# on the bench



## Flooded Timber (Nov 1, 2006)

Shiawassee_Kid said:


> was hard reading the gps...forgot my goggles.


Should of asked the dog... I hope he had his on.:lol:


----------



## ScavengerMan (Sep 6, 2006)

Can't tell you how impressed I am with that boat project SK. Nothing like designing the right tool for the job! Thanks for sharing.....


----------



## Shiawassee_Kid (Nov 28, 2000)

ScavengerMan said:


> Can't tell you how impressed I am with that boat project SK. Nothing like designing the right tool for the job! Thanks for sharing.....

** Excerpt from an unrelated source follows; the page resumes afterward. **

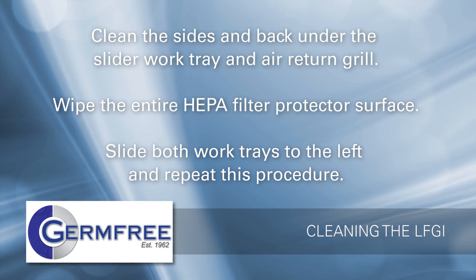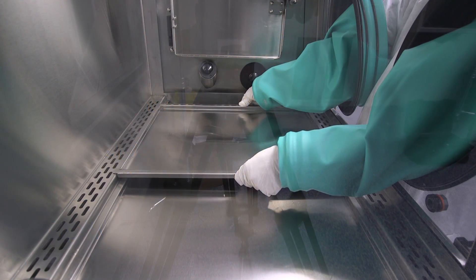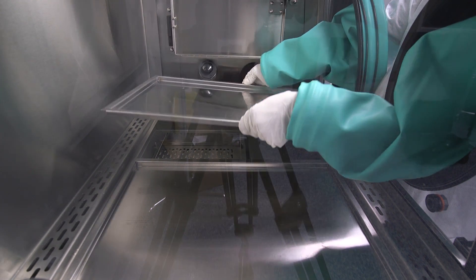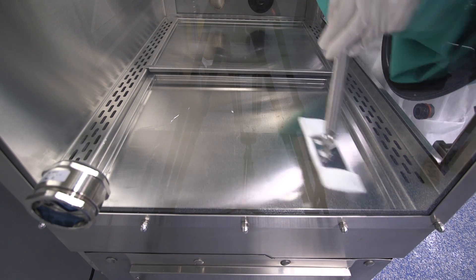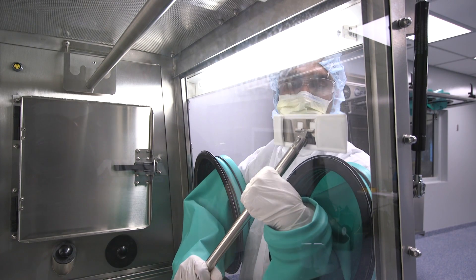Wipe the entire HEPA filter protector surface. Slide both work trays to the left and repeat this procedure. Sliding work trays are removable for cleaning if preferred — simply lift them out and place them out of the way. Avoid spreading the contamination that is being removed. Clean the sliding work tray, including all inside and outside edges. Slide the clean tray to the side and repeat the procedure on the other tray. Clean the inside of the window and the window frame.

thanks scav. i'm gettin more satisfaction from doing it than i ever thought i would. I been thinking for years on how to restore this into a modern shi rig for some time.....and its finally there. My dad even had smile in his face when i came back in from the test run.


----------



## twoteal (Jul 22, 2001)

I think that is an f model.... real good looking boat, I have come acrossed a few but never when I have had the extra dough

http://www.fiberglassics.com/aerocraft/


Check out the history link


----------



## timbergsp (Feb 10, 2003)

what did you put on the bottom and where do you get it from 

scott


----------



## mwakely (Jan 7, 2004)

28 mph with a 9.9! Not bad, stable,good. I am thinking the 15hp might do 38mph. Why not do it.


----------



## Shiawassee_Kid (Nov 28, 2000)

painted and inside done. numbers and registration on tomorrow.

from this:









to this:


----------



## bender (Nov 10, 2005)

hmmmm:













i like it!


----------



## Shiawassee_Kid (Nov 28, 2000)

hehe thats exactly where i got my inspiration from, did a lot of battleship googling last nite,


----------



## Burksee (Jan 15, 2003)

Shiawassee_Kid said:


> hehe thats exactly where i got my inspiration from, did a lot of battleship googling last nite,


Yup, She's got "Bismark" written all over'er! :yikes: :lol: :lol: :lol:
Looks great Kid, you did a very nice job of updating and preserving some history and memories.


----------



## Mr. Marley (Oct 28, 2005)

Nice looking rig, you did a great job. Enjoyed reading the thread, most likely the only one i read from start to finish


----------



## chuckinduck (May 28, 2003)

Shiawassee_Kid said:


> got a lot done today. built up the transom and tested it out on the river with the 9.9. hit 28mph on way down to hulien rd. from dnr launch. boat is super stable....bit surprised by that. took it home and sandblasted it and got primer on. Now tomorrow i gotta decide what kind of paint job i'm gonna do.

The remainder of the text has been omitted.